The album made its first appearance on the Top LP's & Tapes chart in the issue dated September 30, 1972, and remained there for 18 weeks, peaking at number 86.

The only song on the album ever released as a single by Williams was "Home Lovin' Man", which had already had its chart run on Billboard magazine's list of the 40 most popular Easy Listening songs of the week in the U.S. back in 1970, when it reached number 10.  The song had also reached number seven on the UK singles chart by the end of that year.  Coinciding with its first North American release on a Williams LP, the same recording entered the Easy Listening chart again in the November 4, 1972, issue of Billboard and made it to number 27 during its five weeks there.

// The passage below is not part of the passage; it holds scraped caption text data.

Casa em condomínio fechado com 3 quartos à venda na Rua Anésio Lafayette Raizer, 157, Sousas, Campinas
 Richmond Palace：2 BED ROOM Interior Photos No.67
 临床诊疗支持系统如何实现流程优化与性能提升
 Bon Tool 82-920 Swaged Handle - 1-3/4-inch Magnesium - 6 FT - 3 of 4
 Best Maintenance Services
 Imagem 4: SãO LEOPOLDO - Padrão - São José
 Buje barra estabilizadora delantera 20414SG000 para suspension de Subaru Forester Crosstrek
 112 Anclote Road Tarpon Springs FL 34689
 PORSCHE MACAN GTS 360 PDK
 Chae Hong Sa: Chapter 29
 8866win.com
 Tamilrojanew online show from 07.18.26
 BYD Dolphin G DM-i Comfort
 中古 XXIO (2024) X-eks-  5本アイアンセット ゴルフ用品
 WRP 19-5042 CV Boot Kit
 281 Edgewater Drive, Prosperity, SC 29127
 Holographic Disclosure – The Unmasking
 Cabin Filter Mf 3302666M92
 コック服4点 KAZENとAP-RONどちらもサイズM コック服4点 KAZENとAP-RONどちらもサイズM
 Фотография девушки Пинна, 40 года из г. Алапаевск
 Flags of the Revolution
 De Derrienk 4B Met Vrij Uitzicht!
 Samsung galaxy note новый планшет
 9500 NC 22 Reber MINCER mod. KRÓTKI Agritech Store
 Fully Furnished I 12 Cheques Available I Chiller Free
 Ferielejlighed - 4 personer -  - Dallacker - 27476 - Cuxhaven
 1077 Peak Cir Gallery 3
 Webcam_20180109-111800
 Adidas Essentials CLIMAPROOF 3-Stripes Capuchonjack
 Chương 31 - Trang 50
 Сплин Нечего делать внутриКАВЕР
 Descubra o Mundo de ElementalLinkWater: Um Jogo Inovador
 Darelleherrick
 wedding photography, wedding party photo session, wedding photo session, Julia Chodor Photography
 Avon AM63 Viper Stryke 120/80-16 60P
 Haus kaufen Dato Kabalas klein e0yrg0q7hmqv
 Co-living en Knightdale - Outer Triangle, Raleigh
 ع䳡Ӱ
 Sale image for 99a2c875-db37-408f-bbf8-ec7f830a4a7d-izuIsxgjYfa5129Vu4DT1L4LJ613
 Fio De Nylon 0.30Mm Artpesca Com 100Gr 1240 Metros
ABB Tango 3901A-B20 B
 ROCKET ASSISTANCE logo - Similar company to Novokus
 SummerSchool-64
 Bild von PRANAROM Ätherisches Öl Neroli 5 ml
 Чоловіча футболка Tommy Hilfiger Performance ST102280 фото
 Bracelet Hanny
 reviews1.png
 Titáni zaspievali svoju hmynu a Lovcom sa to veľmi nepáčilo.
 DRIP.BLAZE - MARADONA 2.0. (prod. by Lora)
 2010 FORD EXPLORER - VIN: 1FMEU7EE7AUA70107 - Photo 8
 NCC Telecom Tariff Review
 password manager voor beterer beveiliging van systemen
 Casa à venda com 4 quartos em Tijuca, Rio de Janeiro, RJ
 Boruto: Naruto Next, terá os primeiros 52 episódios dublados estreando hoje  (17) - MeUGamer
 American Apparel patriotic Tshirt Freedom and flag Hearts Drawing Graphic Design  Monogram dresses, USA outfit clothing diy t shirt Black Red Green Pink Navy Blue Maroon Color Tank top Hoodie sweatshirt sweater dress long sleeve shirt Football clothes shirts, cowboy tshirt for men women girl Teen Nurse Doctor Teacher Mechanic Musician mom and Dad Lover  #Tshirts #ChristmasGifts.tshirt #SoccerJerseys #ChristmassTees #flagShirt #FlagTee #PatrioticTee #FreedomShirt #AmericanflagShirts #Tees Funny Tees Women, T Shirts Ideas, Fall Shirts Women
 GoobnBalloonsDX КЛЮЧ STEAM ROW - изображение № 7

Alone Again (Naturally) was released on compact disc for the first time as one of two albums on one CD by Collectables Records on February 19, 2002, the other album being Williams's Columbia release from the fall of 1973, Solitaire.  Collectables included this CD in a box set entitled Classic Album Collection, Vol. 2, which contains 15 of his studio albums and two compilations and was released on November 29, 2002. The First Time Ever (I Saw Your Face) was paired with Solitaire as two albums on one CD by Sony Music Distribution in 2003.

Reception

In their capsule review for retailers, Billboard magazine wrote, "Chalk up another important chart item for Williams as he takes on some strong hits of today and adds his own fine touches to them." They singled out a few tracks in particular. “Along with the title tune, Williams delivers exceptional readings of 'Where Is the Love', 'Song Sung Blue', 'Amazing Grace' and 'I Need You'. His treatment of 'The Long and Winding Road' is also a gem."

Track listing

North American release
Side one
 "Pieces of April" (Dave Loggins) – 3:36
 "Day by Day" from Godspell (Stephen Schwartz) – 3:11
 "Where Is the Love" (Ralph MacDonald, William Salter) – 2:34
 "If I Could Go Back" from Lost Horizon (1973) (Burt Bacharach, Hal David) – 4:28
 "I Need You" (Gerry Beckley) – 2:58
Side two
 "Alone Again (Naturally)" (Gilbert O'Sullivan) – 4:04
 "The First Time Ever (I Saw Your Face)" (Ewan MacColl) – 3:19
 "Song Sung Blue" (Neil Diamond) – 3:05
 "Home Lovin' Man" (Roger Cook, Roger Greenaway, Tony Macaulay) – 3:10
 "The Long and Winding Road" (John Lennon, Paul McCartney) – 3:18
 "Amazing Grace" (John Newton) – 3:27

UK release
Side one
 "The First Time Ever (I Saw Your Face)" (MacColl) – 3:19
 "Pieces of April" (Loggins) – 3:36
 "Day by Day" (Schwartz) – 3:11
 "Where Is the Love" (MacDonald, Salter) – 2:34
 "If I Could Go Back" (Bacharach, David) – 4:28
Side two
 "I Need You" (Beckley) – 2:58
 "Alone Again (Naturally)" (O'Sullivan) – 4:04
 "Song Sung Blue" (Diamond) – 3:05
 "Who Was It?" (O'Sullivan) – 2:50
 "Marmalade, Molasses & Honey" from The Life and Times of Judge Roy Bean (Alan and Marilyn Bergman, Maurice Jarre) – 3:40
 "If You're Gonna Break Another Heart" (Albert Hammond, Mike Hazlewood) – 2:29

Recording dates
August 29, 1970 – "Home Lovin' Man"
June 12, 1972 – "I Need You", "The First Time Ever I Saw Your Face"
June 13, 1972 – "Alone Again (Naturally)", "The Long and Winding Road","Amazing Grace" 
 July 18, 1972 – "Pieces of April", "Day by Day", "Where Is the Love, "If I Could Go Back"
 1972 – "Song Sung Blue"
 September 16, 1972 – "Who Was It?"

Song information
The recording of "Pieces of April" by Three Dog Night peaked at number 19 on the Billboard Hot 100 and number six on the magazine's Easy Listening chart. "Day by Day", from the original cast album of the musical Godspell, reached number 13 pop and number eight Easy Listening.  The duet between Roberta Flack and Donny Hathaway entitled "Where Is the Love" got as high as number five pop and number 29 on the UK singles chart and spent a week at number one on the Easy Listening and R&B charts. The single also received Gold certification from the Recording Industry Association of America and earned Flack and Hathaway the Grammy Award for Best Pop Vocal Performance by a Duo, Group or Chorus. "If I Could Go Back" was written for the 1973 remake of Lost Horizon.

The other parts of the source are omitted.